(Records from a dataset)
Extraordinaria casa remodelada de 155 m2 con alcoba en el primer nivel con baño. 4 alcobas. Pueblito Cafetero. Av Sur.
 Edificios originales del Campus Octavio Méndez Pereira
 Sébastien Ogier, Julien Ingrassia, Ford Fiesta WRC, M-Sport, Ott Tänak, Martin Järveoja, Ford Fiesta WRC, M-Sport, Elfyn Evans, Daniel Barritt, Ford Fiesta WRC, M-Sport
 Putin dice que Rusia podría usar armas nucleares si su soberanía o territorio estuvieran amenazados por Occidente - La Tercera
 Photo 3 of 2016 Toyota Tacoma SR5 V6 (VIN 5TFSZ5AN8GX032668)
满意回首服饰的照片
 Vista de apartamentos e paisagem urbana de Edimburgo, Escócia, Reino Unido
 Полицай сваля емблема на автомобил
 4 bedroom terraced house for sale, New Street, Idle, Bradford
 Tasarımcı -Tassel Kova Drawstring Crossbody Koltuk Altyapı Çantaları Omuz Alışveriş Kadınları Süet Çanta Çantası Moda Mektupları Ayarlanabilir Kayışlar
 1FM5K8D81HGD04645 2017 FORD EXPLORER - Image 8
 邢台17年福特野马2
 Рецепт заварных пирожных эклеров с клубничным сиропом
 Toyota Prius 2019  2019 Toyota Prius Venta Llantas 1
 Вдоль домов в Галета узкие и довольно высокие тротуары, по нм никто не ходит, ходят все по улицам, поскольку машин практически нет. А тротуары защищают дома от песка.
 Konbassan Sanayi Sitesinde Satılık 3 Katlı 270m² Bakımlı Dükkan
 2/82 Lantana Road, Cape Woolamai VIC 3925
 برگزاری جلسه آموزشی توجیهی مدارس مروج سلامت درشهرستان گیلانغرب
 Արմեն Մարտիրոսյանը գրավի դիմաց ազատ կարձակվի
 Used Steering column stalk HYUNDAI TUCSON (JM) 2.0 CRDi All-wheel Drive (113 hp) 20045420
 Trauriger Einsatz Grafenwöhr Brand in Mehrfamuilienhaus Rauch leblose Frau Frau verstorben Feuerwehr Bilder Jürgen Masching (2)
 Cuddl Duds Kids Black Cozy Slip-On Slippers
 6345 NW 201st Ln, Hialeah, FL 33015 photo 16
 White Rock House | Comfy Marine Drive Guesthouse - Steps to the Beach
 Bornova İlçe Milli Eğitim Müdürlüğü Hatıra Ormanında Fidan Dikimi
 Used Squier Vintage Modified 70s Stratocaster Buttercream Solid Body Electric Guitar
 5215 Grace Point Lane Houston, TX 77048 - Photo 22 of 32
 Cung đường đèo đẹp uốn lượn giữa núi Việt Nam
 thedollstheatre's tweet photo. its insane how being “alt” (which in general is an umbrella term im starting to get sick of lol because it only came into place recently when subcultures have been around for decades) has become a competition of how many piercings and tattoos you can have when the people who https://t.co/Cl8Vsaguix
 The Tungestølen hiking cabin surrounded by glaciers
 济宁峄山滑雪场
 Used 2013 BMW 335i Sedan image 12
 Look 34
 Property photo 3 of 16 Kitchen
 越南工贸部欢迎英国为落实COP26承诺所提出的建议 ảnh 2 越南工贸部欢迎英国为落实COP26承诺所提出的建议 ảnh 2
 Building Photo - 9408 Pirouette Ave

- Work item:
Retype the lines above without alteration. The first is the one containing "Vista de apartamentos", and the last is the final line of the data.

- Output below:
 Vista de apartamentos e paisagem urbana de Edimburgo, Escócia, Reino Unido
 Полицай сваля емблема на автомобил
 4 bedroom terraced house for sale, New Street, Idle, Bradford
 Tasarımcı -Tassel Kova Drawstring Crossbody Koltuk Altyapı Çantaları Omuz Alışveriş Kadınları Süet Çanta Çantası Moda Mektupları Ayarlanabilir Kayışlar
 1FM5K8D81HGD04645 2017 FORD EXPLORER - Image 8
 邢台17年福特野马2
 Рецепт заварных пирожных эклеров с клубничным сиропом
 Toyota Prius 2019  2019 Toyota Prius Venta Llantas 1
 Вдоль домов в Галета узкие и довольно высокие тротуары, по нм никто не ходит, ходят все по улицам, поскольку машин практически нет. А тротуары защищают дома от песка.
 Konbassan Sanayi Sitesinde Satılık 3 Katlı 270m² Bakımlı Dükkan
 2/82 Lantana Road, Cape Woolamai VIC 3925
 برگزاری جلسه آموزشی توجیهی مدارس مروج سلامت درشهرستان گیلانغرب
 Արմեն Մարտիրոսյանը գրավի դիմաց ազատ կարձակվի
 Used Steering column stalk HYUNDAI TUCSON (JM) 2.0 CRDi All-wheel Drive (113 hp) 20045420
 Trauriger Einsatz Grafenwöhr Brand in Mehrfamuilienhaus Rauch leblose Frau Frau verstorben Feuerwehr Bilder Jürgen Masching (2)
 Cuddl Duds Kids Black Cozy Slip-On Slippers
 6345 NW 201st Ln, Hialeah, FL 33015 photo 16
 White Rock House | Comfy Marine Drive Guesthouse - Steps to the Beach
 Bornova İlçe Milli Eğitim Müdürlüğü Hatıra Ormanında Fidan Dikimi
 Used Squier Vintage Modified 70s Stratocaster Buttercream Solid Body Electric Guitar
 5215 Grace Point Lane Houston, TX 77048 - Photo 22 of 32
 Cung đường đèo đẹp uốn lượn giữa núi Việt Nam
 thedollstheatre's tweet photo. its insane how being “alt” (which in general is an umbrella term im starting to get sick of lol because it only came into place recently when subcultures have been around for decades) has become a competition of how many piercings and tattoos you can have when the people who https://t.co/Cl8Vsaguix
 The Tungestølen hiking cabin surrounded by glaciers
 济宁峄山滑雪场
 Used 2013 BMW 335i Sedan image 12
 Look 34
 Property photo 3 of 16 Kitchen
 越南工贸部欢迎英国为落实COP26承诺所提出的建议 ảnh 2 越南工贸部欢迎英国为落实COP26承诺所提出的建议 ảnh 2
 Building Photo - 9408 Pirouette Ave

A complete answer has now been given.